About this task
In the records below, repeat exactly the lines between the line holding "My review is" and the line holding "Then wait for", inclusive, and drop the pictures.

Information
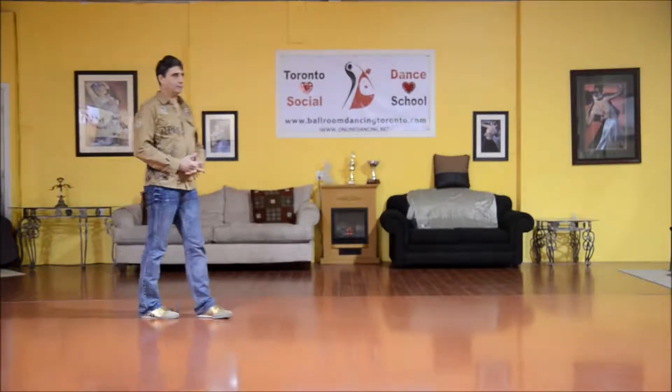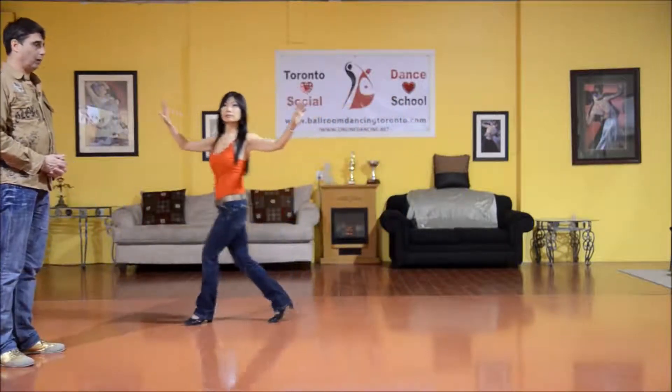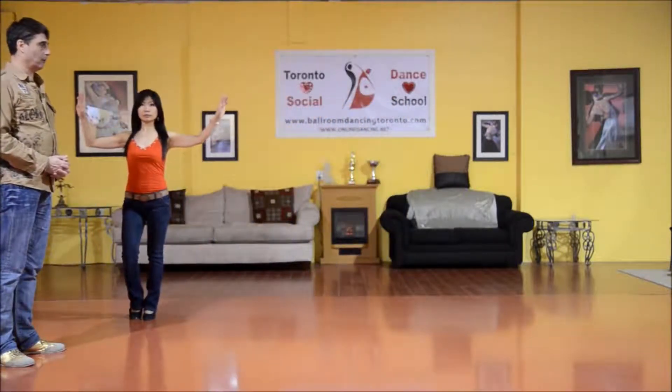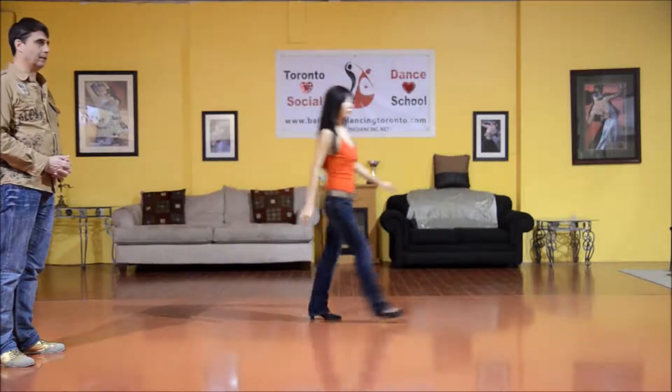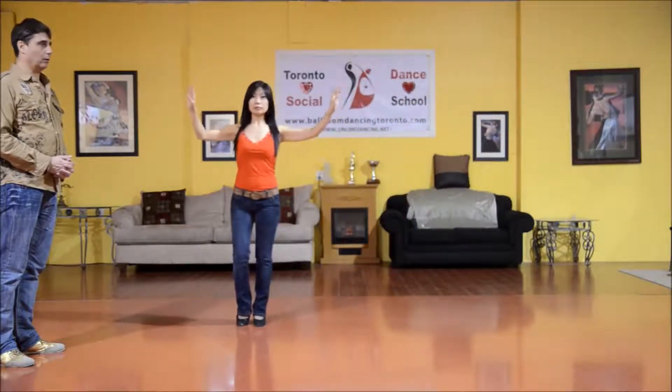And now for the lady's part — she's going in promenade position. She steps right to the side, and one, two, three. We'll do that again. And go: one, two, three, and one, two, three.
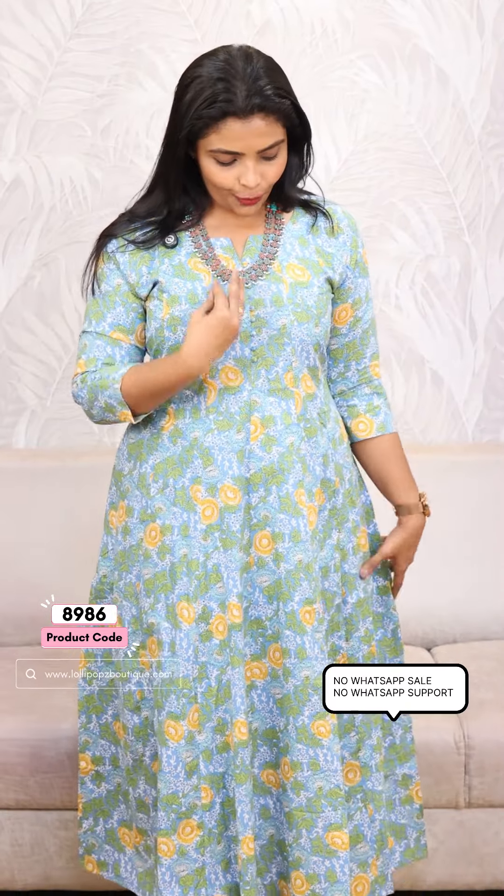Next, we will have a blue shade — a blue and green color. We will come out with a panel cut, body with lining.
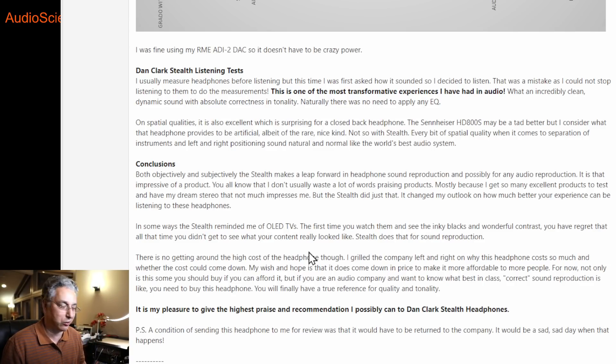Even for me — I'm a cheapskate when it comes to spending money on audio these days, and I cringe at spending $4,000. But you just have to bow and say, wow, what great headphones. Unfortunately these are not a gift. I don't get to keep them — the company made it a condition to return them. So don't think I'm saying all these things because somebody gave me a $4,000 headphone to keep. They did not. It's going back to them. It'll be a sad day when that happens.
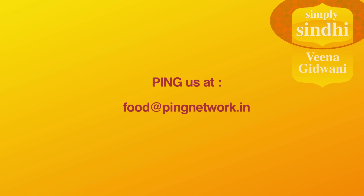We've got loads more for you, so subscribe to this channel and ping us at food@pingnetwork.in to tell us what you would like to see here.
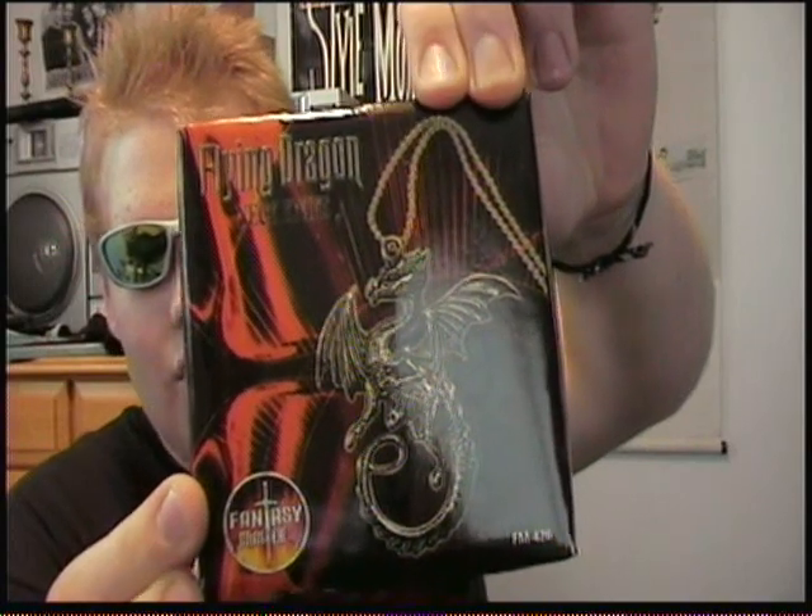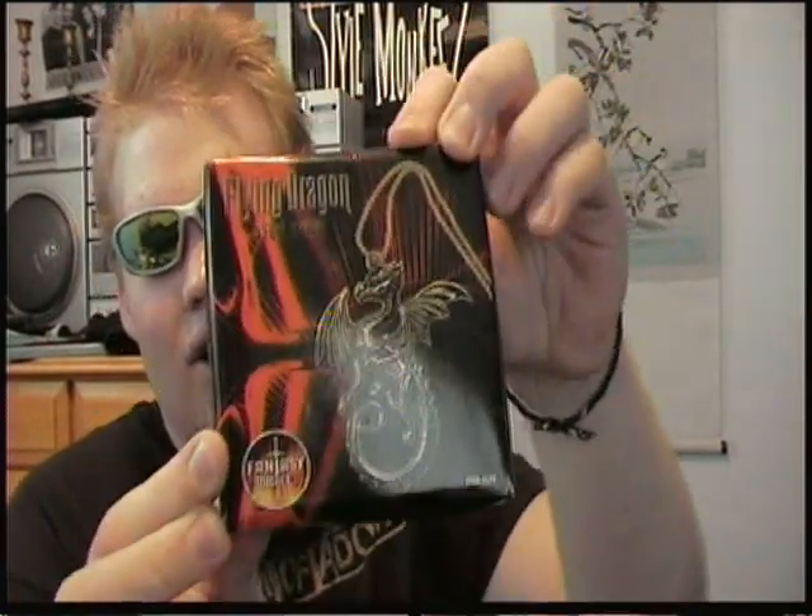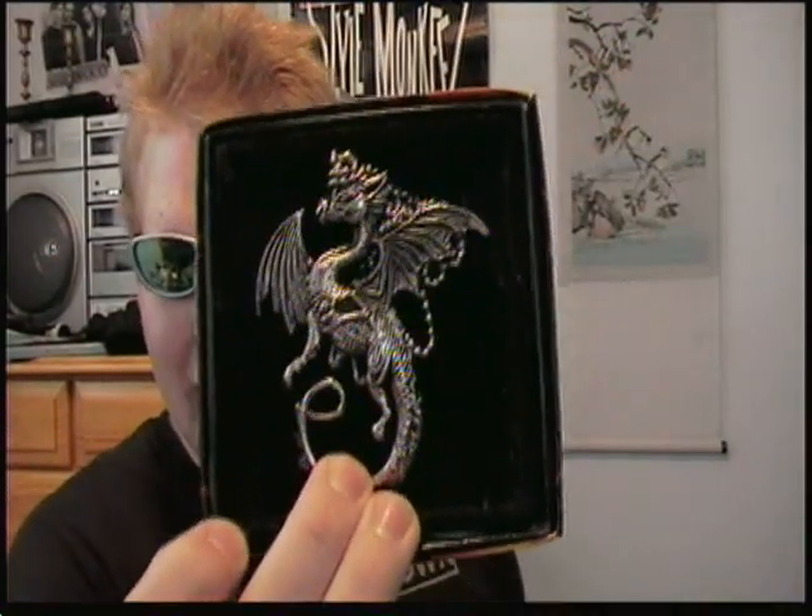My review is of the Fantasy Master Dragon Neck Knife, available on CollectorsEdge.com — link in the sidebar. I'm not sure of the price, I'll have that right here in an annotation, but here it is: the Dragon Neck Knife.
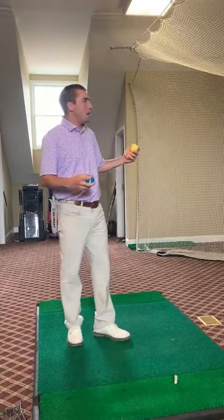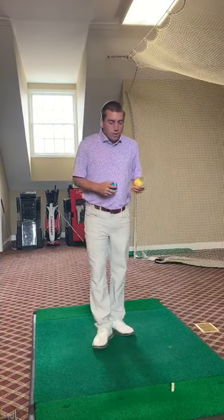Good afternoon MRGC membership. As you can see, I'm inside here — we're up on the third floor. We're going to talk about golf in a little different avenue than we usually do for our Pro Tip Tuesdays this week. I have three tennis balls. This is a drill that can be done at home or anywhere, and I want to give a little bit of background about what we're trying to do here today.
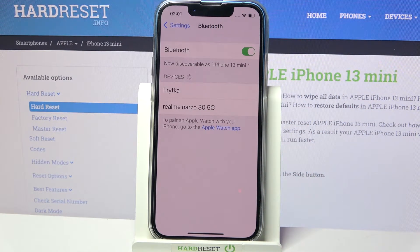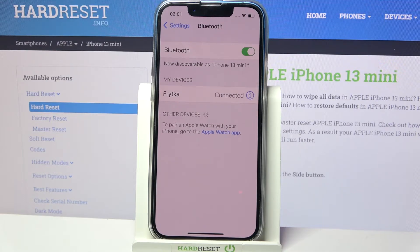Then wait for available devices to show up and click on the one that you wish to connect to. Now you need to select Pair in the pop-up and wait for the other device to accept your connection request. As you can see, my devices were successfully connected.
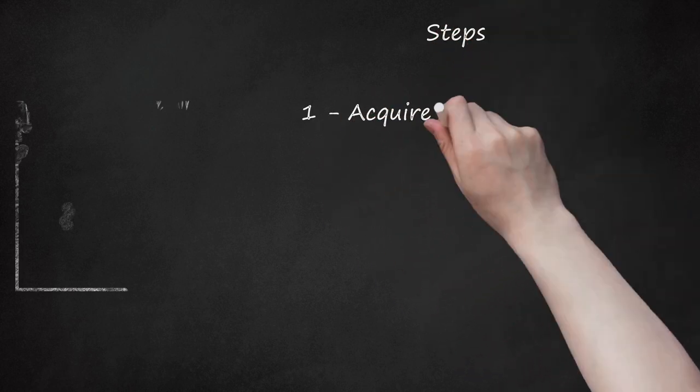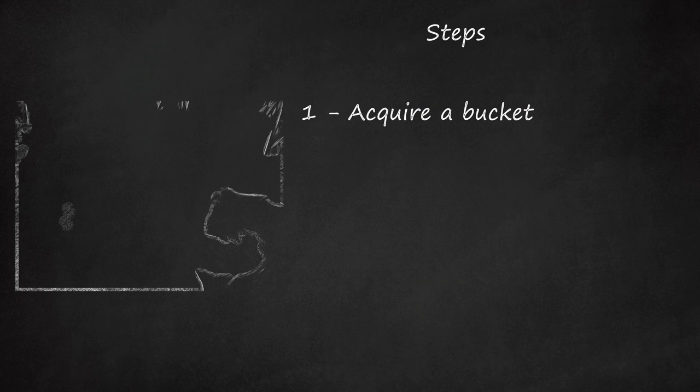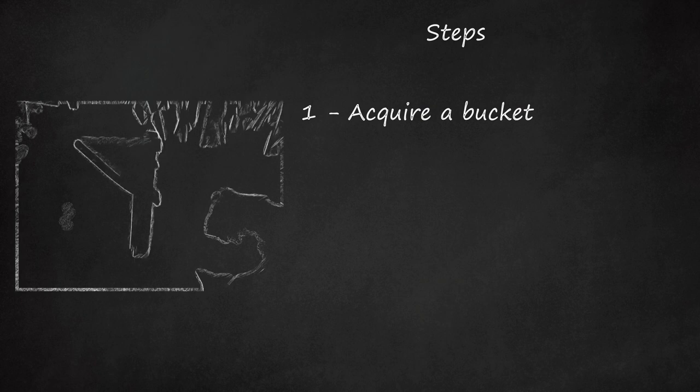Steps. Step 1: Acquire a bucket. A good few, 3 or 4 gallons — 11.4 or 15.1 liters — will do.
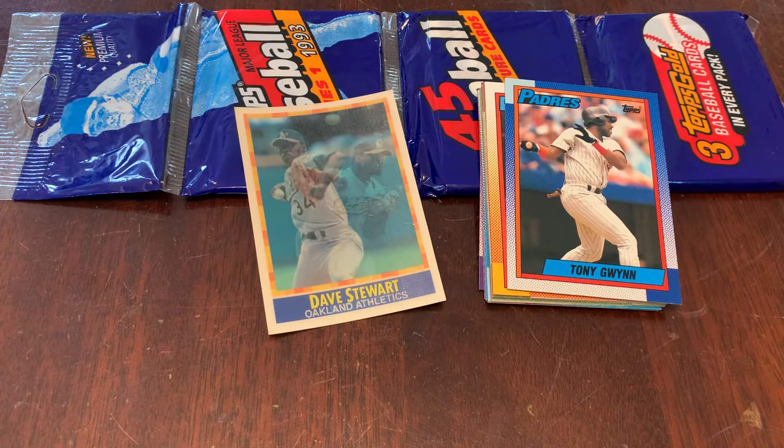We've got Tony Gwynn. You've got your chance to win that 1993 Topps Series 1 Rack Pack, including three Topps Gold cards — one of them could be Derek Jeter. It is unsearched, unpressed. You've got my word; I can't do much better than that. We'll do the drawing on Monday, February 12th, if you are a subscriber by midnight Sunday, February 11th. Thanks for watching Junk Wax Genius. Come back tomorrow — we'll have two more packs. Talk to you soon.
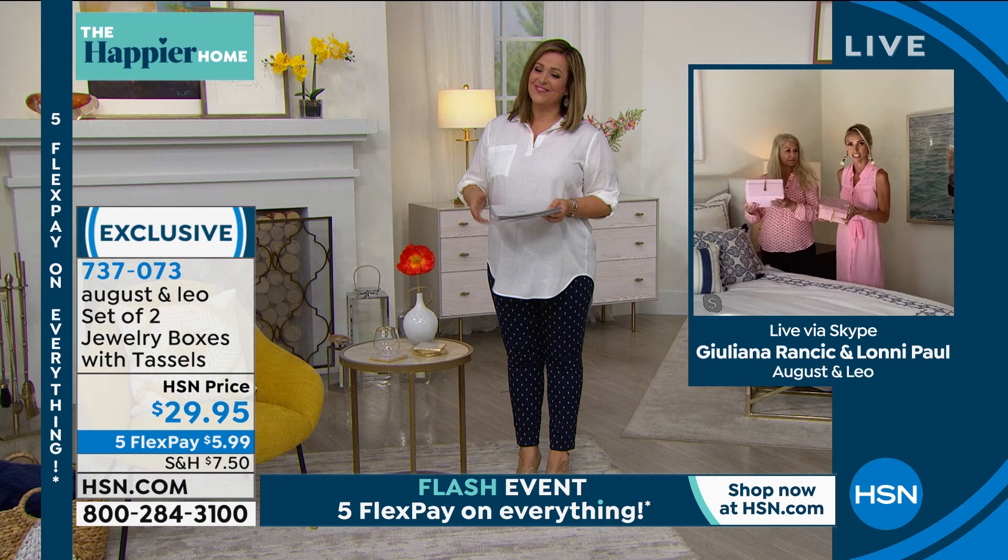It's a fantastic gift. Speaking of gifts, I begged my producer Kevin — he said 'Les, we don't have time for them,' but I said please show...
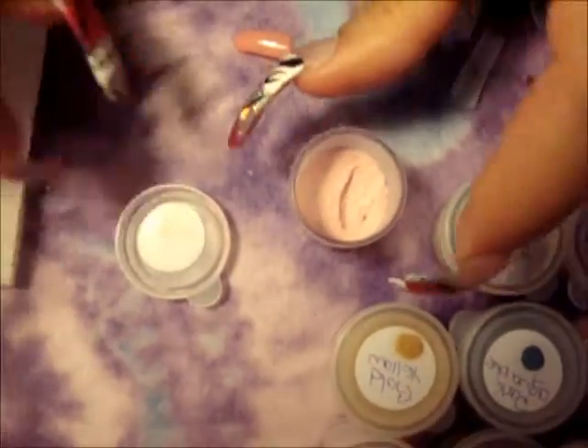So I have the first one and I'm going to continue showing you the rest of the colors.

Written solution
My review is of the Fantasy Master Dragon Neck Knife, available on CollectorsEdge.com — link in the sidebar. I'm not sure of the price, I'll have that right here in an annotation, but here it is: the Dragon Neck Knife.
Good afternoon MRGC membership. As you can see, I'm inside here — we're up on the third floor. We're going to talk about golf in a little different avenue than we usually do for our Pro Tip Tuesdays this week. I have three tennis balls. This is a drill that can be done at home or anywhere, and I want to give a little bit of background about what we're trying to do here today.
Then wait for available devices to show up and click on the one that you wish to connect to. Now you need to select Pair in the pop-up and wait for the other device to accept your connection request. As you can see, my devices were successfully connected.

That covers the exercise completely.